**DATASET EXCERPTS:**
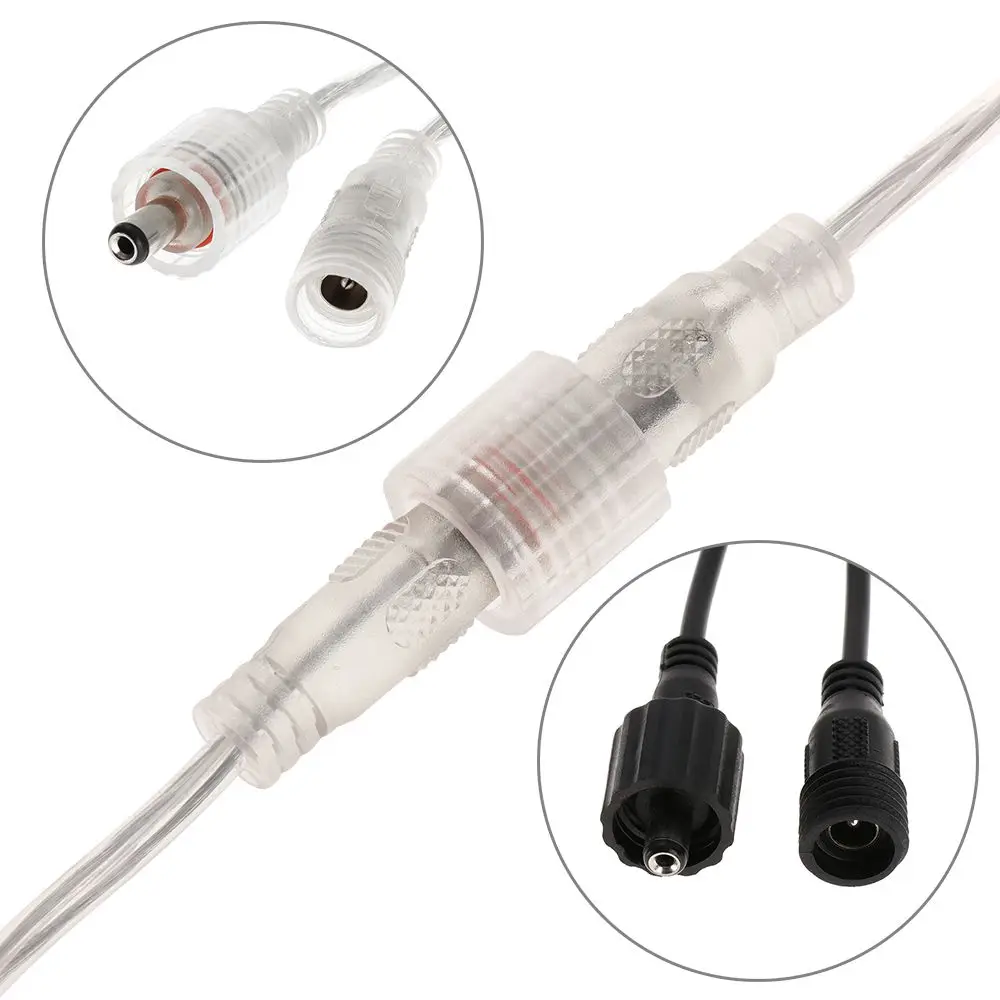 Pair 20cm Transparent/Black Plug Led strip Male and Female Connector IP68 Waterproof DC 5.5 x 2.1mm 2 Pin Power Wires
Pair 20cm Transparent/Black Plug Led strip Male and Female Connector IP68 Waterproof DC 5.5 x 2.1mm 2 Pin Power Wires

---

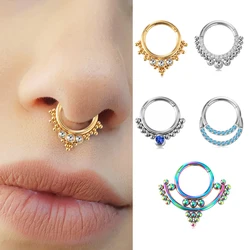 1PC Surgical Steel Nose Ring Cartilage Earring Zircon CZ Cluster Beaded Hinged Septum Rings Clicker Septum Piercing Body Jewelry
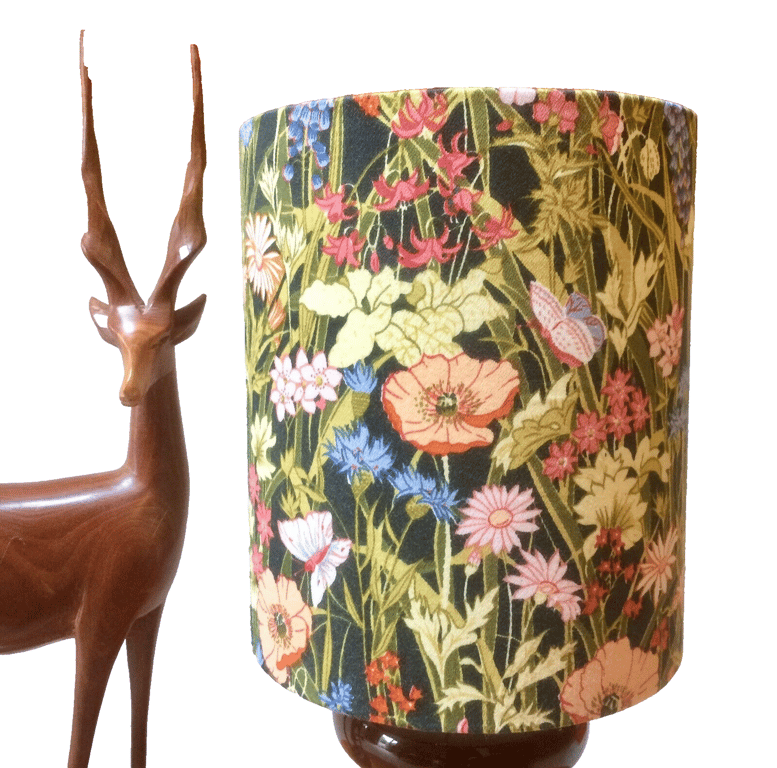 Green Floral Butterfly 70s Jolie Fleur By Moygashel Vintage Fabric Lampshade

**EXERCISE OBJECTIVE:** Word for word, retype the lines in the entries above that run from the one with "1PC Surgical Steel" through the one with "Green Floral Butterfly". Both ends count; pictures do not.

**EXERCISE RESULT:**
 1PC Surgical Steel Nose Ring Cartilage Earring Zircon CZ Cluster Beaded Hinged Septum Rings Clicker Septum Piercing Body Jewelry
 Green Floral Butterfly 70s Jolie Fleur By Moygashel Vintage Fabric Lampshade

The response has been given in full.